Aim of the exercise: Every line from the top of the records through the line containing "Mercedes E 320" should be retyped exactly; the pictures should not.

--- Data listing Enclosed Below ---

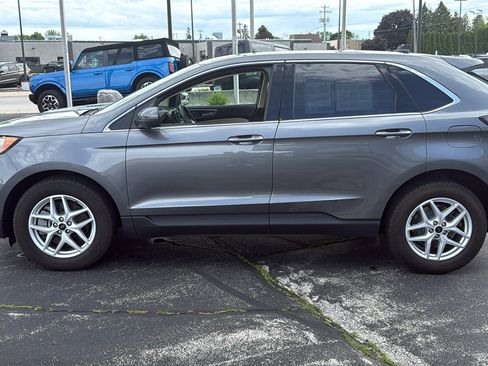Used 2023 Ford Edge SEL w/ Convenience Package AWD/4WD image 4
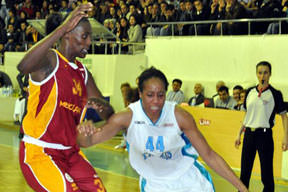 Aslan Tarsus'a acımadı: 90-76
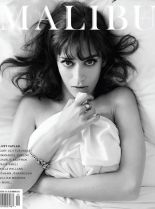 Lizzy Caplan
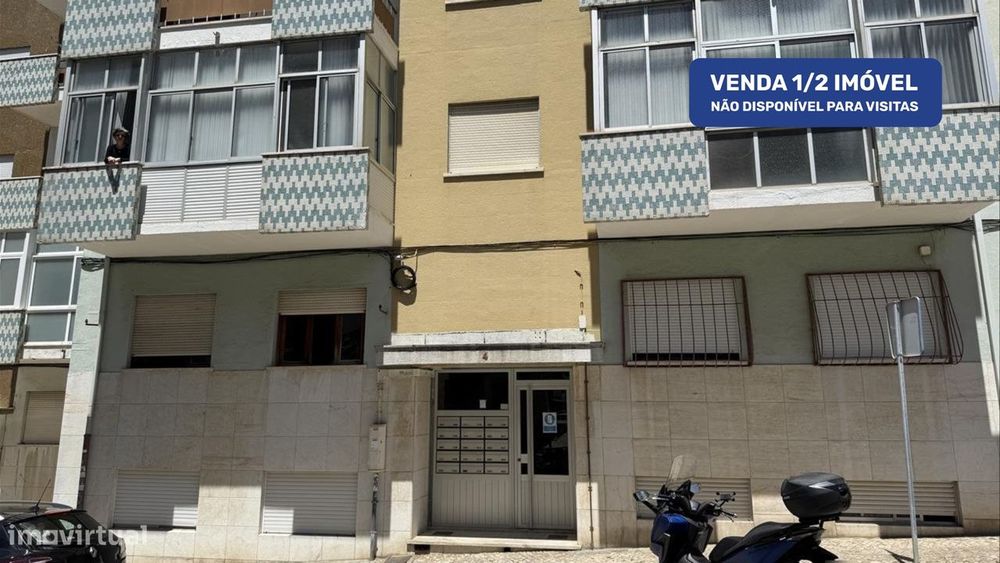 Apartamento T3 — Rua Ferreira de Castro, nº 4, Propriedade indivisa —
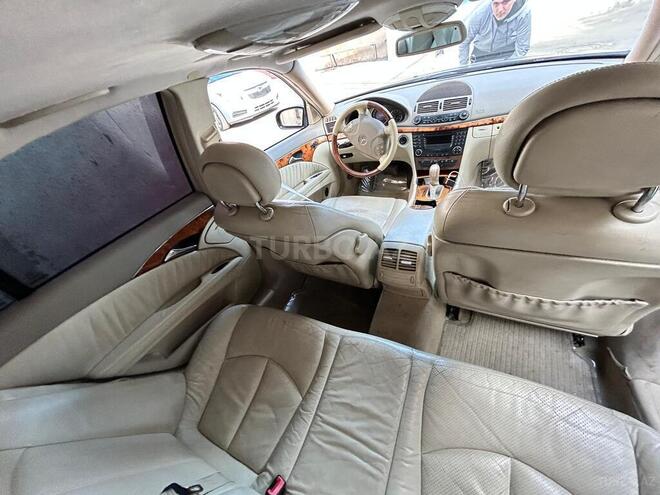 Mercedes E 320 2003, 270,000 km - 3.2 л - Bakı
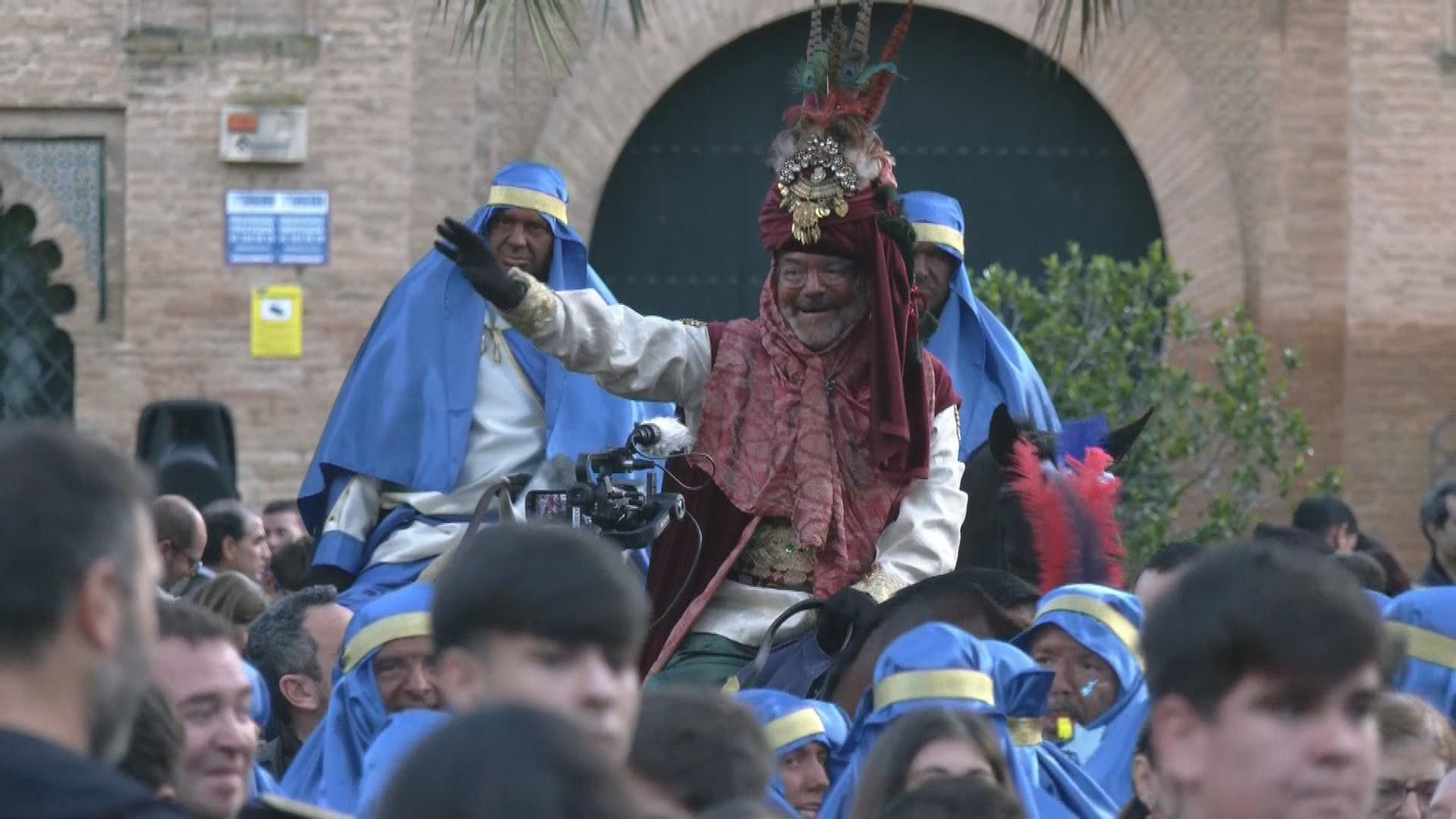 El Heraldo de Nervión abre el ciclo de emisarios de los Reyes Magos en Sevilla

--- End of Enclosed Data listing ---

Solution:
Used 2023 Ford Edge SEL w/ Convenience Package AWD/4WD image 4
 Aslan Tarsus'a acımadı: 90-76
 Lizzy Caplan
 Apartamento T3 — Rua Ferreira de Castro, nº 4, Propriedade indivisa —
 Mercedes E 320 2003, 270,000 km - 3.2 л - Bakı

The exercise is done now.